Having huge sections of New Zealand non-skilled and out of work won't be any help at all, and in fact will be a drain on us as taxpayers even further.

It's clear there are perceptions and misunderstandings about how things are funded. But it’s nonsense and incredibly divisive and irresponsible to suggest our needs-based funding is a form of racial favouritism.

It is not at all.

So far no one is suggesting getting rid of the extra help people with disabilities receive, or getting rid of men's health clinics, ditching the extra help that people in rural communities receive, or scrapping the English language help that our immigrant communities receive.

It's rubbish to suggest that one size fits all. New Zealand is not a boring homogenous society, even if some people think we should all be squeezed into the same mould.

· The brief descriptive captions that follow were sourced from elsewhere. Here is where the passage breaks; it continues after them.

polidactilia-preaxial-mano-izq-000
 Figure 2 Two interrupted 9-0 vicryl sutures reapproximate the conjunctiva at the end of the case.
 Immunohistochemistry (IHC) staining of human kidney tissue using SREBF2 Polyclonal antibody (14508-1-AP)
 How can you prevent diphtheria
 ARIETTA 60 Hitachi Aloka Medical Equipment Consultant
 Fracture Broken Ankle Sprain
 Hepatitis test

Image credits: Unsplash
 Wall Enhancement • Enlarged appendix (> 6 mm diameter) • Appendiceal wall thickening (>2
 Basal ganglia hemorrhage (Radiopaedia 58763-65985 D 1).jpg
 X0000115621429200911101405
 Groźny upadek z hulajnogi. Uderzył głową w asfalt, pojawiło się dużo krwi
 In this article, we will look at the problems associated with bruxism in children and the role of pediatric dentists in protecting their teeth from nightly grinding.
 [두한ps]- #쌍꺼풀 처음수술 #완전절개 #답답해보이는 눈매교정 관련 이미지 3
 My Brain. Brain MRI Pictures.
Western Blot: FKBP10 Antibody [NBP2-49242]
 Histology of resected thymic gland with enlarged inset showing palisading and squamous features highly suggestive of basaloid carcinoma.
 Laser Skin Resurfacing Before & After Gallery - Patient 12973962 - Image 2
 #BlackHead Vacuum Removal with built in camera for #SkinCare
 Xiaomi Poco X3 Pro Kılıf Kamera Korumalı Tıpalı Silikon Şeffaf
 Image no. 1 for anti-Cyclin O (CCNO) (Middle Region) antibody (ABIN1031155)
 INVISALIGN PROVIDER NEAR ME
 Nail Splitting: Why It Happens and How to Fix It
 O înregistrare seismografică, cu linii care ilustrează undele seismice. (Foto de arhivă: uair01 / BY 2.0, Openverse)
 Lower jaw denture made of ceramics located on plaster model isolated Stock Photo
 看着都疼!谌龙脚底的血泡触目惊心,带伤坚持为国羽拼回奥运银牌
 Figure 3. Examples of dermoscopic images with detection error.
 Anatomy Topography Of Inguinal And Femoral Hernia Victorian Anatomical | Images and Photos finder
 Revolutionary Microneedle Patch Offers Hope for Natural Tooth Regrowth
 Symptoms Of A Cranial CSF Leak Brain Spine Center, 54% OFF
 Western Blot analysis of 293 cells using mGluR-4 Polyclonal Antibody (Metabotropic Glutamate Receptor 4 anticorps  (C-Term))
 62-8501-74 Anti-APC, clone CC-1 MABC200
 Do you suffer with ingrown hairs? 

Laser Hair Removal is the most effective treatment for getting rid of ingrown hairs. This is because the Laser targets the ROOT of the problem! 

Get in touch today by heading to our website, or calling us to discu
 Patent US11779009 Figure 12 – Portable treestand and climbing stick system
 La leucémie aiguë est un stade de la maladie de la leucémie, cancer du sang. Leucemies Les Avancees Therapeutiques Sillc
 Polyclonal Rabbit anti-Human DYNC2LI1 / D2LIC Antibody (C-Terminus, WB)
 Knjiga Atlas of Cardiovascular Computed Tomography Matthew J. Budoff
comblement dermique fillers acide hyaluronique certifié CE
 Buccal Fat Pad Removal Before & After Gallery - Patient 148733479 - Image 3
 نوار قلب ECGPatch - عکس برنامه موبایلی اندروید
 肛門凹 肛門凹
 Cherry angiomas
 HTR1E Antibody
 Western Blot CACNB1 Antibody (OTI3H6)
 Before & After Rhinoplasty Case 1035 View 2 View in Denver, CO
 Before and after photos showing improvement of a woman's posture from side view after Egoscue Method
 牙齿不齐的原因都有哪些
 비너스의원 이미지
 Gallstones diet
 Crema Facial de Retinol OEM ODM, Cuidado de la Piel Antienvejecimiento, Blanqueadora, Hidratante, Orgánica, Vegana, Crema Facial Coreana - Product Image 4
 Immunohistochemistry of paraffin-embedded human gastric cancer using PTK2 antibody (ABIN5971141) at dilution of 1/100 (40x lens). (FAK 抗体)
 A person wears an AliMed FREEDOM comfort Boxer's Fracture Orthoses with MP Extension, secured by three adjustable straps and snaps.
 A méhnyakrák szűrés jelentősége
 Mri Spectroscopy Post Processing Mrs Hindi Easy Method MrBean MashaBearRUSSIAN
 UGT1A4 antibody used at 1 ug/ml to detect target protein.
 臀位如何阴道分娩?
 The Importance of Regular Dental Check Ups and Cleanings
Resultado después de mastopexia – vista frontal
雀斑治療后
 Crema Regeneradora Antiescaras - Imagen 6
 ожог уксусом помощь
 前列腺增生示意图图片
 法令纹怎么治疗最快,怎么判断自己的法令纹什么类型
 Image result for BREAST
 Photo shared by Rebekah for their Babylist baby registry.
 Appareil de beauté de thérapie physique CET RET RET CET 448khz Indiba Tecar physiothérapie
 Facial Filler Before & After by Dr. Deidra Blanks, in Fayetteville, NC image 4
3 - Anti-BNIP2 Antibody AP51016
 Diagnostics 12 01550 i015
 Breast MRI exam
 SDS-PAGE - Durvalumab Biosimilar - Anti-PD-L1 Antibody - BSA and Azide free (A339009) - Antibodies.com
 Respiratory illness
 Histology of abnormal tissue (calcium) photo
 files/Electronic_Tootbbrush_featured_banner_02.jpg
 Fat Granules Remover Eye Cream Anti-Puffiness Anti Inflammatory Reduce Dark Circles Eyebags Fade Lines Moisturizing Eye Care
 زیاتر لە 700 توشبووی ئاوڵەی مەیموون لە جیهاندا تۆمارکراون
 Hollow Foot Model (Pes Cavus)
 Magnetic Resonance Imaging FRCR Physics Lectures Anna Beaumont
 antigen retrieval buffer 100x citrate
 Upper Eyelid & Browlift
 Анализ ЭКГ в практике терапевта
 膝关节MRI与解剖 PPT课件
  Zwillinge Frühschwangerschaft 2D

To make sure that the whole country can move forward together, we sometimes have to do things in different ways.

That’s why we have different approaches for Maori, for Pacific Islanders, for immigrants who need English language and other help, for people with disabilities, for people in rural communities.

It's my job to get the facts out there so we can have a proper, informed and rational discussion.

I will be undertaking a review of policies to make doubly sure they are addressing need.

I want to make sure that if there are low income pakeha kids facing the same educational risks and with the same educational needs as low income Maori, that they do get the same level of government help.

I think most New Zealanders are quite rightly proud of our diversity and the rich and colourful melting pot of cultures and people that make up New Zealand.

We don't want our country split down the middle and in my new role I will be doing my best to make sure that does not happen.